Pilota (Pelota) in its various forms is a more recent introduction into the pantheon of Basque traditional sports, and its popularity endures. N.A.B.O. supports efforts in various clubs to maintain this sport tradition, including sponsoring an annual tournament.

NABO Pilota Director:

TonyTony Huarte


Infographics: Basque Pelota 

Basque Handball History

Handball is an ancient game. The Maya tribes of pre-Columbian America and the ancient Greeks and Romans knew versions of the game. The Romans spread it throughout western Europe. In the area of modern-day France, a variation of the Romans' game of pila emerged, and during the Middle Ages it became known as jeu de paume. Basque handball is a derivative of this game.

Andrea Navajero, a Venetian historian, traveled through the Basque Country in 1528 and commented on how all the males played this game. Indoor [courte paume] and outdoor [longue paume] versions endured into the 18th century, but following the French Revolution the games were nearly abandoned for being associated with royalty and nobility. Their popularity, however, endured in small circles.
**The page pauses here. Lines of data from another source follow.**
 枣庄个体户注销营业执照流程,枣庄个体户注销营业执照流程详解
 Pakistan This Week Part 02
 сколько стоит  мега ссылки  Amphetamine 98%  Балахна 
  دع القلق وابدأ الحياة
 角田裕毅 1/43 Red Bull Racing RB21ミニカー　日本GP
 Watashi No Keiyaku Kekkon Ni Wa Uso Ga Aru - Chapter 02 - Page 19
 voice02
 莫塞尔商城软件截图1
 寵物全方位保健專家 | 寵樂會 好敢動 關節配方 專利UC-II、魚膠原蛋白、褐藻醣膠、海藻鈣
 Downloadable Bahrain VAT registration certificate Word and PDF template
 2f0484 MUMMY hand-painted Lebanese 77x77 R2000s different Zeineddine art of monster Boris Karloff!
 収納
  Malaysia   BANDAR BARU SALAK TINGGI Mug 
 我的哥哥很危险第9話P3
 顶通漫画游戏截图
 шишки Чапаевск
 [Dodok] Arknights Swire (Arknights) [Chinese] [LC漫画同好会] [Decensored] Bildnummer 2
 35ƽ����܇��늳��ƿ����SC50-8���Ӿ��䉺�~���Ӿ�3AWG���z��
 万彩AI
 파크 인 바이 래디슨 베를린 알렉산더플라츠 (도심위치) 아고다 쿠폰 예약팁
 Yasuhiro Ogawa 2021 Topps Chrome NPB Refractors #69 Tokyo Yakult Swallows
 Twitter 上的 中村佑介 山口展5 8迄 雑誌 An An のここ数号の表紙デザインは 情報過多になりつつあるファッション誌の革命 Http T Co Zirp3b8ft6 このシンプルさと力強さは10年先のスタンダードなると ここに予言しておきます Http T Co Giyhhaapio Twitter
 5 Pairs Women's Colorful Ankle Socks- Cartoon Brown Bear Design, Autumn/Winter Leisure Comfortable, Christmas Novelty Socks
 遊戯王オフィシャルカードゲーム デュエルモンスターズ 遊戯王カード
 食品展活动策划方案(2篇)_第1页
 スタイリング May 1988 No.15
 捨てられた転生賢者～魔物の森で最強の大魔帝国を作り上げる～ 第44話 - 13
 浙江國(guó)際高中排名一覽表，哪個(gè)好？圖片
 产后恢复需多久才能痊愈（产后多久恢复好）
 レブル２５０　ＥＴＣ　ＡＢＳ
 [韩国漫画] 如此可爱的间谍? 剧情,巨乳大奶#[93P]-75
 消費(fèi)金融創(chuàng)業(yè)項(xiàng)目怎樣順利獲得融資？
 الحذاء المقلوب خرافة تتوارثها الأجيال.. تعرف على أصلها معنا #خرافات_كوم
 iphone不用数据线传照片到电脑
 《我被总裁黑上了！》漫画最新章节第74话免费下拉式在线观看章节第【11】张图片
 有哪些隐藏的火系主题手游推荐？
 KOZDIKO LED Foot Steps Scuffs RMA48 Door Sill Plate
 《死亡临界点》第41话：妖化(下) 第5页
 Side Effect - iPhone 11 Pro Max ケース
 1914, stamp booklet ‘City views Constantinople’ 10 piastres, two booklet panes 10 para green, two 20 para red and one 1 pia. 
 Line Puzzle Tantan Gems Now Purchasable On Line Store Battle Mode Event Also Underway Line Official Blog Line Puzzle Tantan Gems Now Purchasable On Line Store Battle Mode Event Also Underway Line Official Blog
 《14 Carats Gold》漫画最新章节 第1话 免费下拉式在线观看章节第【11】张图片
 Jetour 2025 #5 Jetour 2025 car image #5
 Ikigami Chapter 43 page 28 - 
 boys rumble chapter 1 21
From the early outdoor version evolved our modern tennis; the indoor version meanwhile spawned English court tennis, and in the Basque Country it became the present manifestation of Basque handball. Despite its documented prevalence, it is odd that little is said of handball in Basque proverbs, old songs or family emblems. It is not because of prohibition; even priests could enjoy the game. Jonanes Lange commented in 1526 on his travels through Nafarroa [Navarre] that even priests were allowed to take part in what was soon becoming the national sport.

Originally played face-to-face, the introduction of more rapid rubber balls compelled a change in the game: returning the ball to a wall instead of over the net. Thus Basque handball was born. Three courts developed over time: the plaza laxoa or open court with only one wall at the front; the ezker pareta or left-wall court with one wall at the front and one on the players left and the trinketa or original court of the indoor form with four walls.

As the speed of the ball increased, so did the pain endured by the players who up to that time played with bare hands. This triggered the development of instruments with which to return the ball. Numerous variations emerged, including a wooden paddle or different sizes and weight [pala & paleta], different types of racquets [xare & frontenis], leather gloves [rebot & pasaka] and finally a curious glove and basket combination known as xistera or cesta that spawned jai-alai, remonte, rebote & joko garbi.